Referring to FIG. 8, biasing member 24 can be formed in a rest position to have open ends and a narrowed central region. The biasing member may be made of metal, plastic or other elastomeric materials, for example, sufficient to constrict the central region of the low friction seal member, and having slits or openings so that the biasing member may flex in response to an instrument inserted through the seal. The biasing member and seal membrane can be unattached over their entire length and more completely independently of one another.

Thus, as an instrument is inserted through the seal, the biasing member can maintain the low friction seal member in contact with the instrument, and radially expand in order to permit the instrument to pass through the cannula.

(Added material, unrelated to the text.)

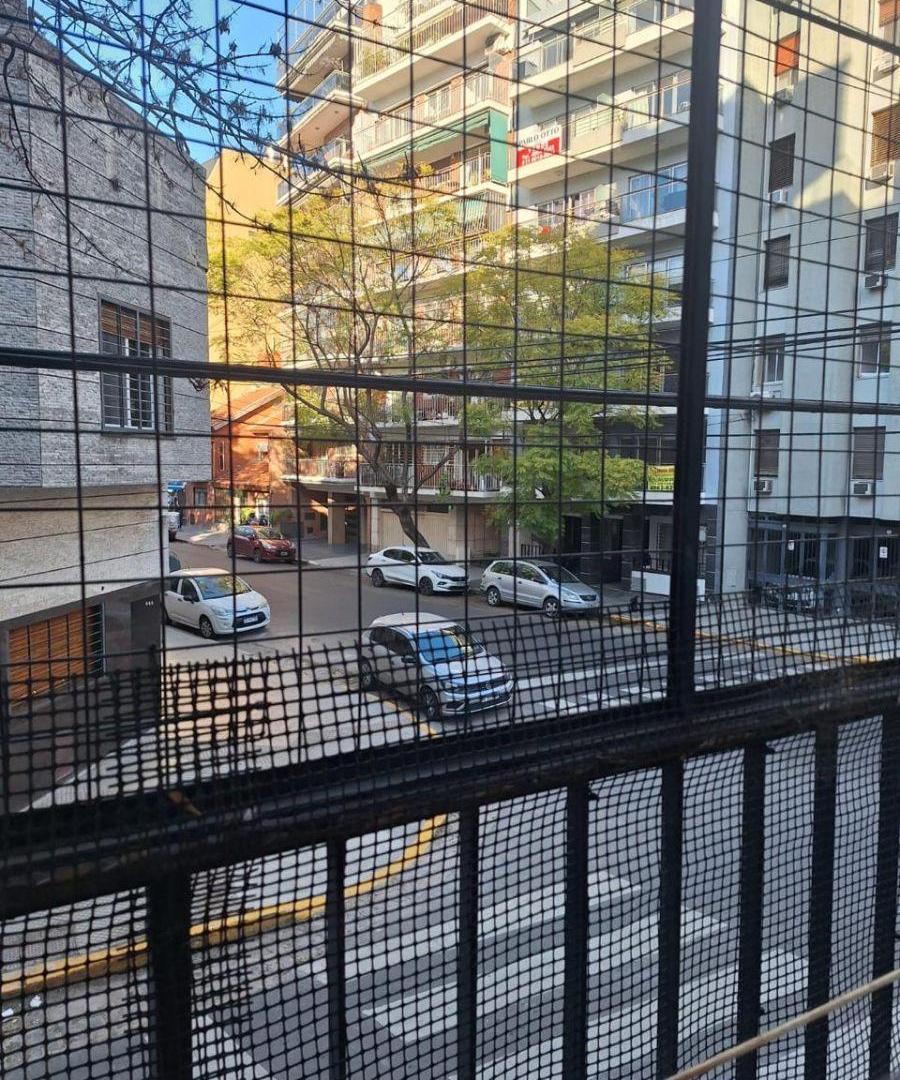 Foto de LINDISIMO DOS AMBIENTES AL FRENTE EN ESQUINA, LUZ Y SOL, LIVING Y DORM, imagen 1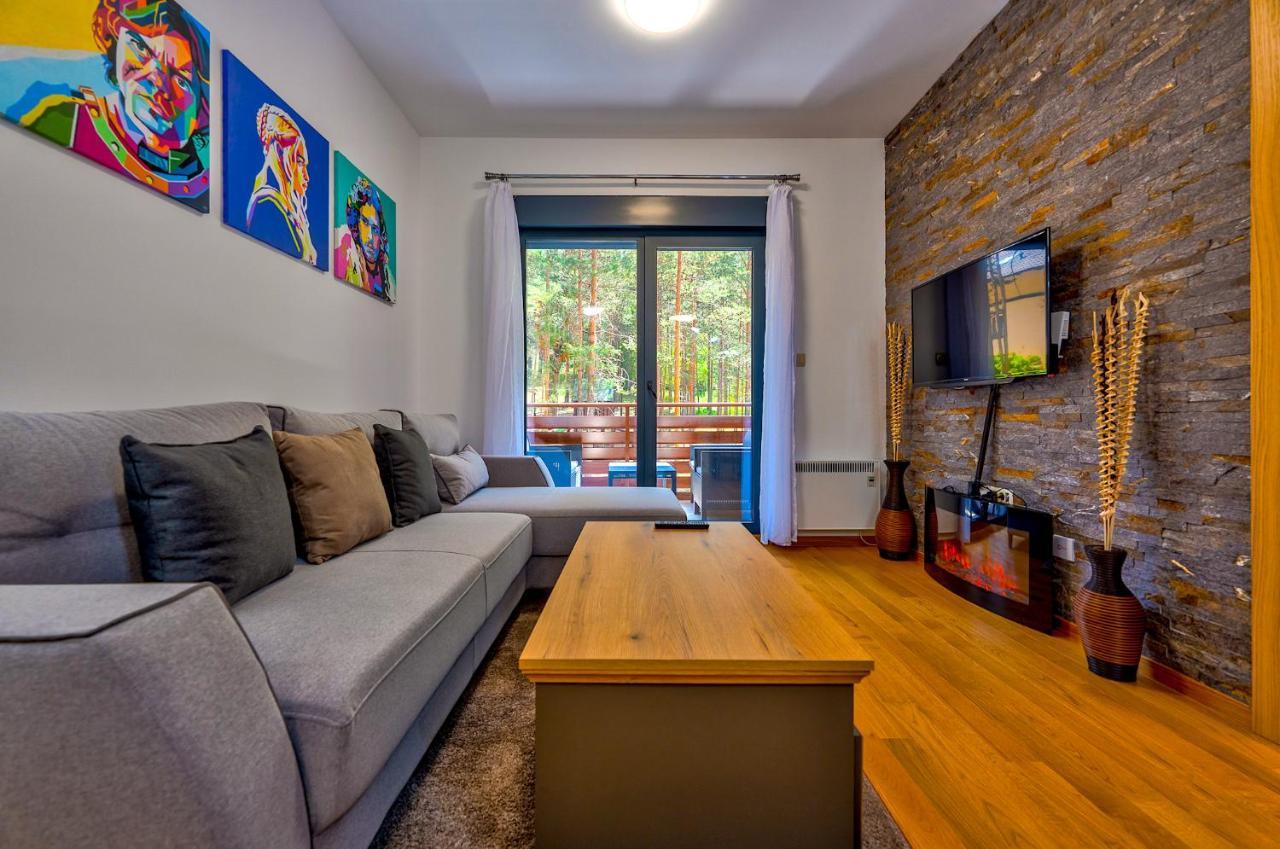 Vila Pekovic Green, Pine Trees View 2 Bedrooms Apartment Zlatibor Esterno foto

The biasing member can be unsecured to the cannula or housing, but rather can be contained in the space between the low friction seal member and the cannula.

Other features also are contemplated, including lubricious coatings on the low friction seal member, alternate zero seals other than a duckbill valve, and the like.

It is apparent to one skilled in the art that various changes and modifications can be made to this disclosure, and equivalents employed, without departing from the spirit and scope of the invention. Elements shown with any embodiment are exemplary for the specific embodiment and can be used in combination with or otherwise on other embodiments within this disclosure.